Koga Kubō(de facto)
- In office 1583–1590
- Preceded by: Ashikaga Yoshiuji

Castellan of Kōnosu Palace (Kitsuregawa clan)
- In office 1590–1620

Personal details
- Spouse(s): Ashikaga Kunitomo Ashikaga Yoriuji
- Parents: Ashikaga Yoshiuji (father); Jōkō-in (mother);
- Relatives: Hōjō Ujiyasu (grandfather) Lady Hayakawa (aunt) Hōjō Ujimasa (uncle) Hōjō Ujiteru (uncle) Hōjō Ujikuni (uncle) Hōjō Ujinori (uncle)

Military service
- Allegiance: Ashikaga shogunate Toyotomi clan Kitsuregawa clan
- Unit: Koga Kubō

= Ashikaga Ujinohime =

6th Kōga Kubō of the Ashikaga shogunate

Ashikaga Ujihime (足利 氏姫, 1574 – June 6, 1620), or Ashikaga no Ujihime, Ashikaga Ujinohime was the de facto Koga kubō in Sengoku period. She was the daughter of 5th Koga kubō Ashikaga Yoshiuji and Jōkō-in (a daughter of Hōjō Ujiyasu). She was a woman trained in martial arts and received education from the highest court. In 1583 when Yoshiuji died without a male heir, Ujihime succeeded her father at the early age of nine, she took the title Koga kubō (title equivalent to shōgun in Kantō region) and inherited an area equivalent the Koga domain.'

== Life ==
She was de facto the Koga Kubo and the castellan in Koga Castle. Even the Ashikaga shogunate lost its sovereignty, Ujinohime was vital to the administration of the Kantō region, she worked together with the Later Hōjō clan and had her lands protected by her uncle Hōjō Ujimasa.

In 1590, Toyotomi Hideyoshi initiated a campaign to eliminate the Hōjō clan, the last obstacle for Japan to be unified under the name of Hideyoshi. The Toyotomi clan won the siege of Odawara and the Hōjō clan was banished. Ujimasa was ordered to commit seppuku along with his brother Hōjō Ujiteru. The area was awarded to Tokugawa Ieyasu after the defeat of the Hōjō at the siege of Odawara.

After this in the same year, Ujinohime was moved to Kōnosu Palace in currently Ibaraki Prefecture and she became the owner of the palace. In 1591 Toyotomi Hideyoshi ordered her married to Ashikaga Kunitomo. When Kunitomo died in 1593, she was then married to his younger brother Ashikaga Yoriuji (Later known as Kitsuregawa Yoriuji) and give birth to a son.

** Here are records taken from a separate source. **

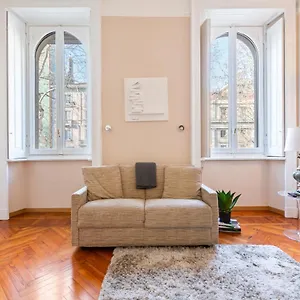 Porta Romana Cozy , Milan Italy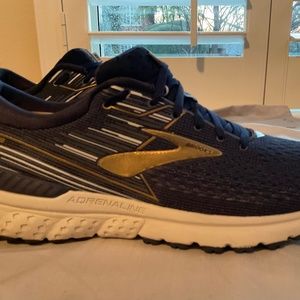 Brooks Adrenaline Runners. Navy, Mens sz 11.5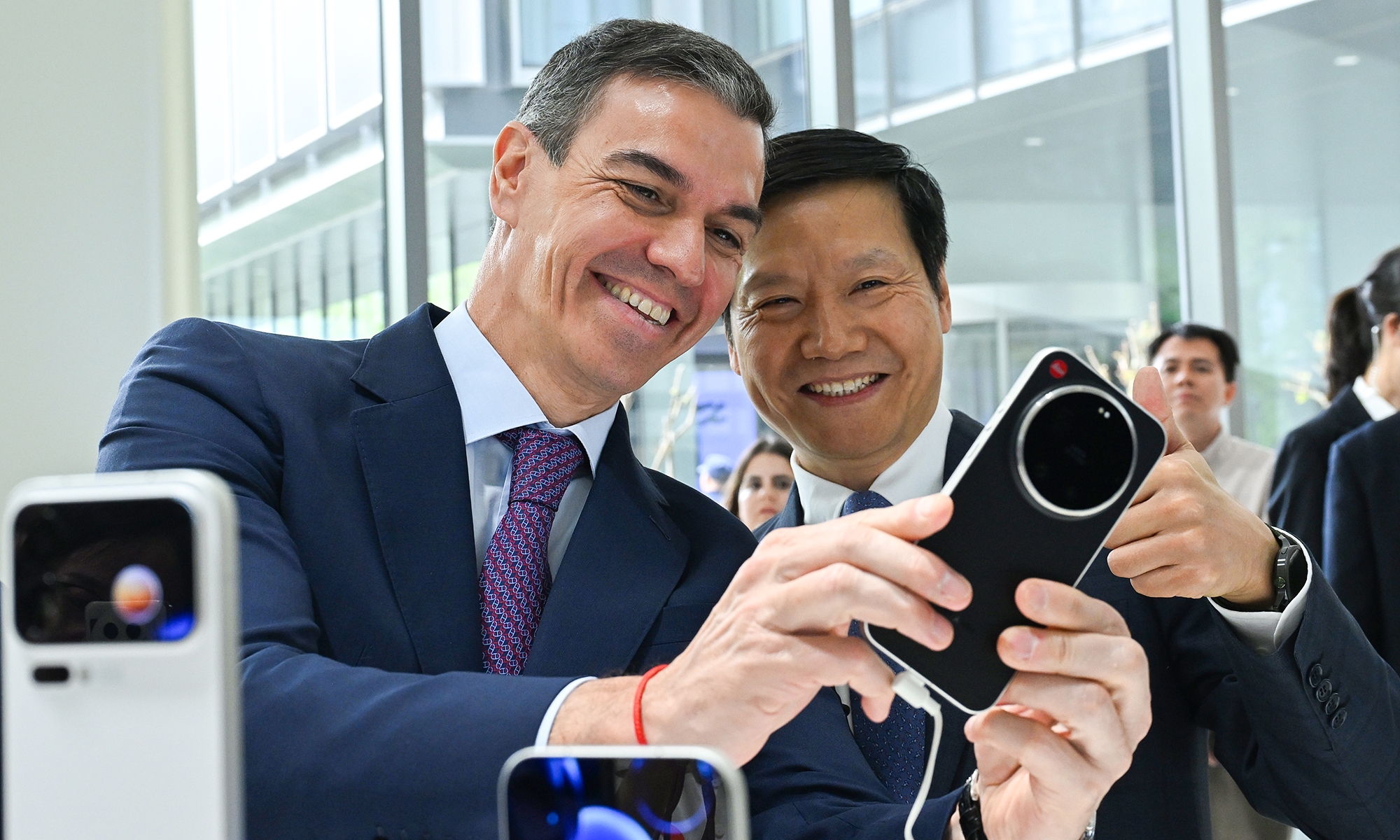 Pedro Sánchez se ha reunido con Lei Jun, CEO de Xiaomi, en Pekín.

The marriage between Ujinohime and Yoriuji began the formation of a new clan, the Kitsuregawa clan. Yoriuji received a new domain, but Ujinohime declined to change domain. So she continued commanding the Konosu palace and Yoriuji went to another castle.

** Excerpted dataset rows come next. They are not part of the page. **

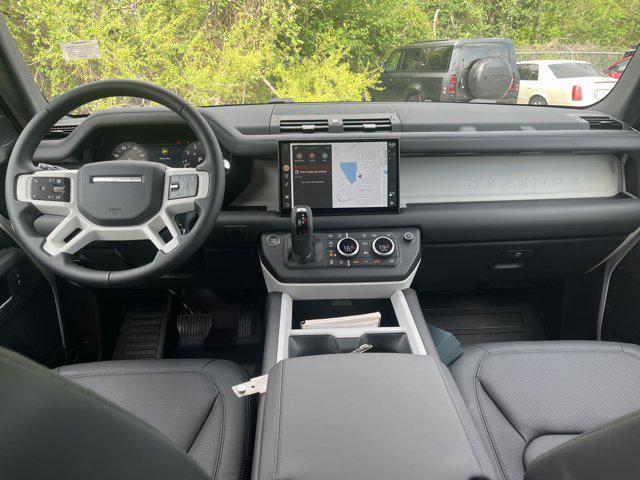 Photo of 2025 Fuji White Land Rover Defender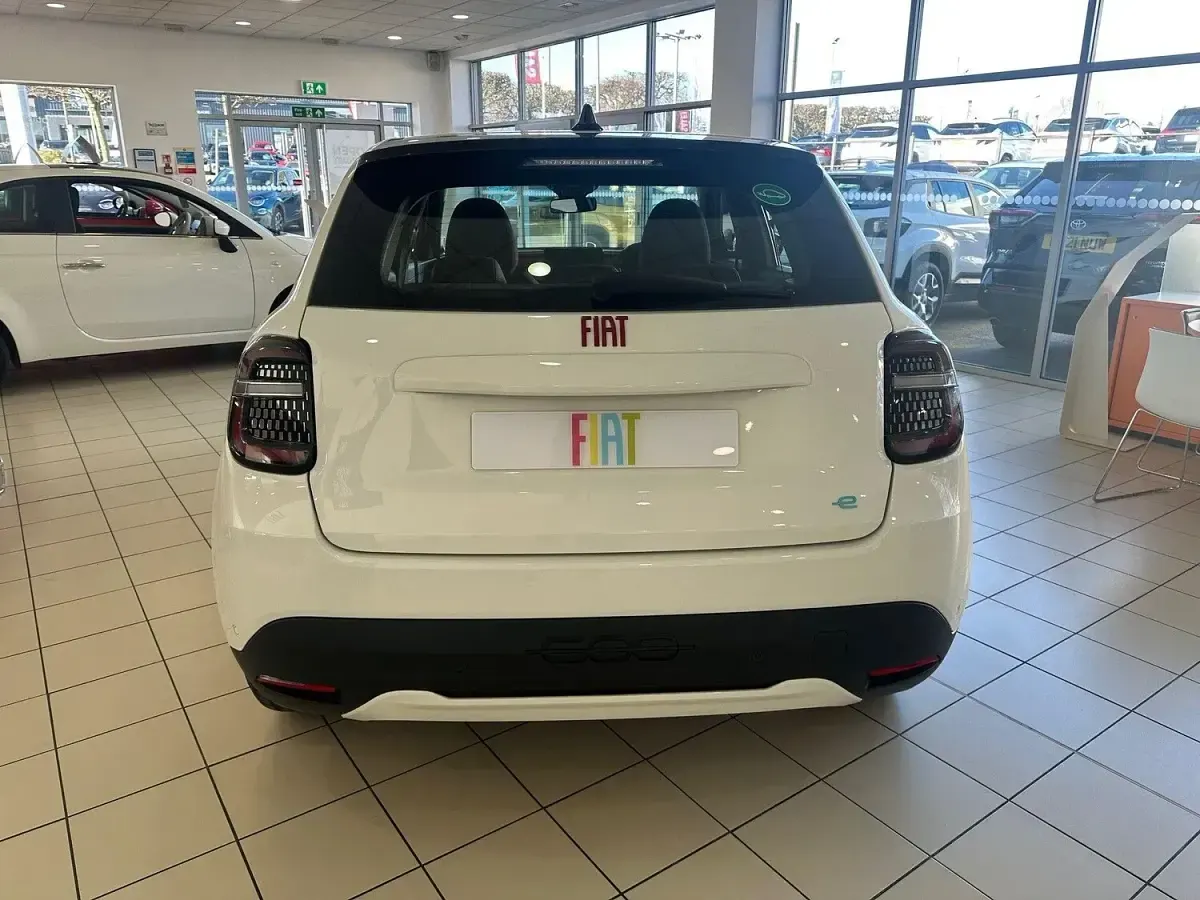 New Fiat 600E Red 113 kW (154 HP) 2025 White Hatchback
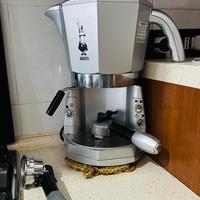 Macchina per caffe’ Mokona Bialetti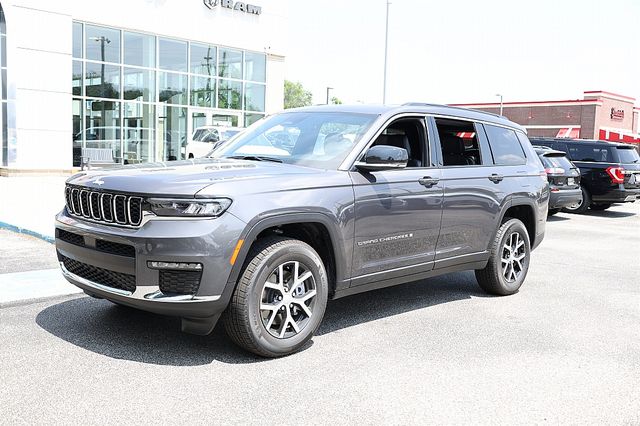 2025 Jeep Grand Cherokee Limited photo 3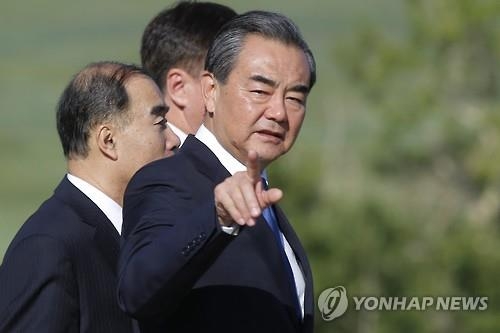 필리핀 외무 "남중국해 판결 배제하며 中과 대화 안한다"(종합) - 3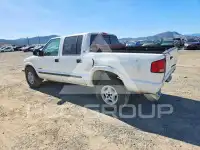 2001 Chevrolet S10 фото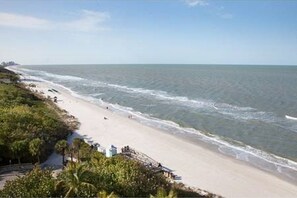 كراسي للتشمس، مناشف للشاطئ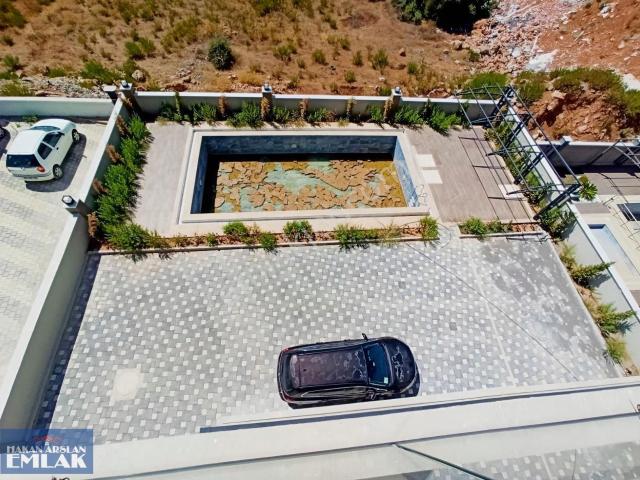 Çankaya Mah.de Havuzlu Arakat Kiralık 2+1 Daire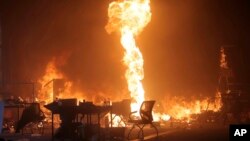 香港理工大学抗议者在校园里燃起大火。(2019年11月18日)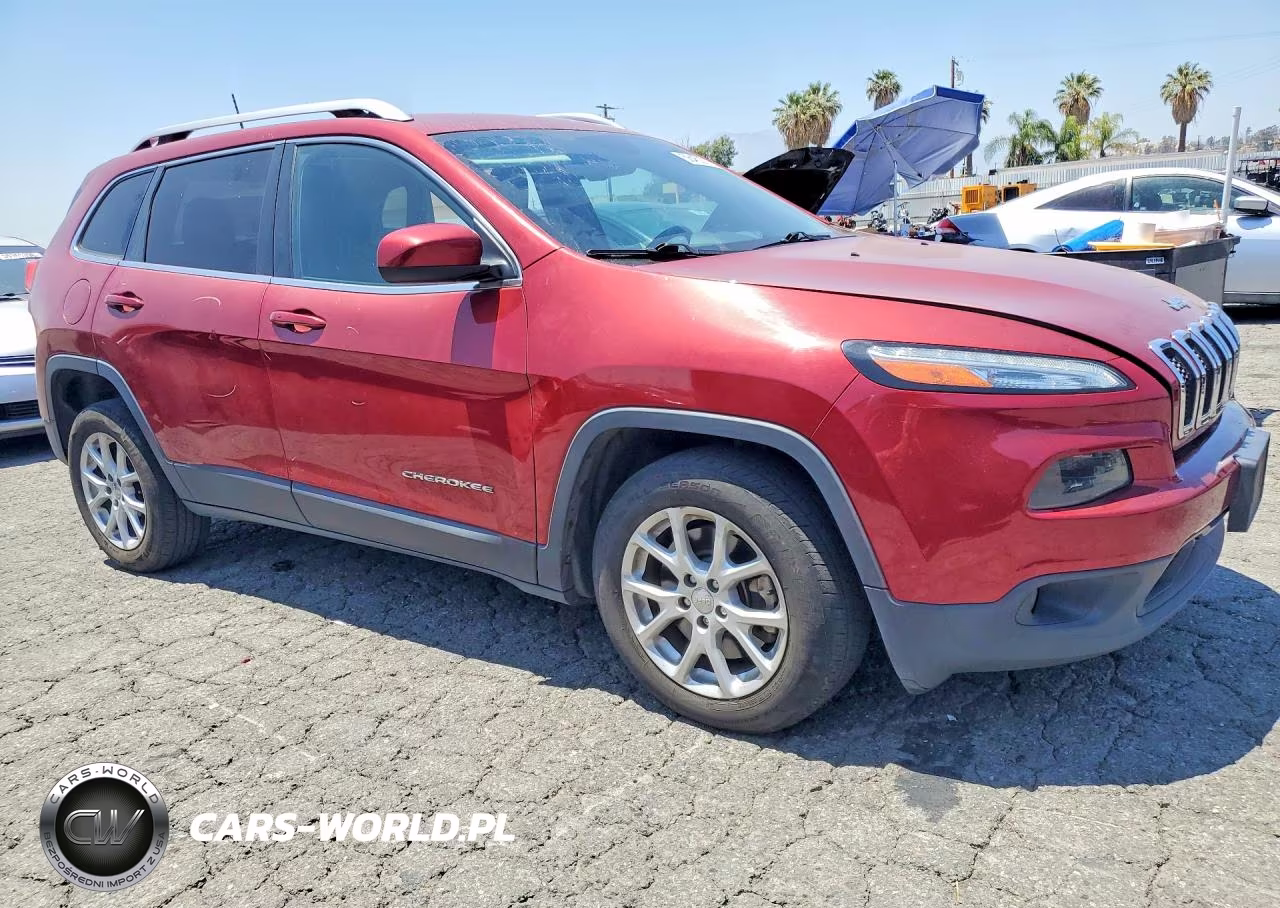 2016 Jeep Cherokee Latitude VIN:1C4PJLCBXGW114525 - 4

She and Yoriuji ran the Kitsuregawa clan until the day of her death on June 6, 1620. The clan Ujinohime founded prospered for years and became a fudai daimyo in the Edo period.

After her death, her son Ashikaga Yoshichika remained at Kōnosu until his death in 1627. His son, Sonshin, continued to live there until inheriting the Kitsuregawa domain upon the death of his grandfather, Yoriuji, in 1630. Following Sonshin's relocation, the family line fully shifted its residence to Kitsuregawa. The Tokugawa shogunate then confiscated the remaining 300 koku surrounding the Kōnosu Gosho, converting the area into shogunal land before later incorporating it into the Koga domain.

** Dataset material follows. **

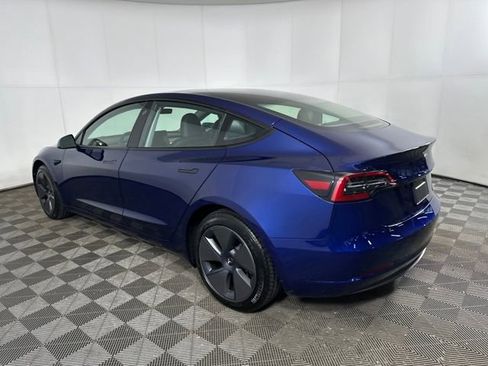 Used 2023 Tesla Model 3 Standard Range image 5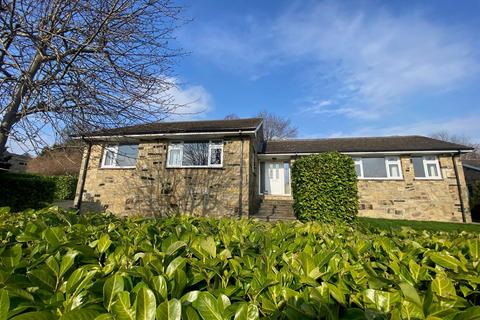 4 bedroom detached bungalow to rent, The Ghyll, Fixby, Huddersfield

Ashikaga Ujihime's life marked a period of institutional shift for the lineage. As the last head of the Koga Kubō, she oversaw the end of her family's political independence and their union with the Oyumi branch. By remaining at Kōnosu, she preserved the Ashikaga presence in the Kantō region under Tokugawa rule, maintaining the family's status as a surviving branch of the lineage founded by Ashikaga Takauji.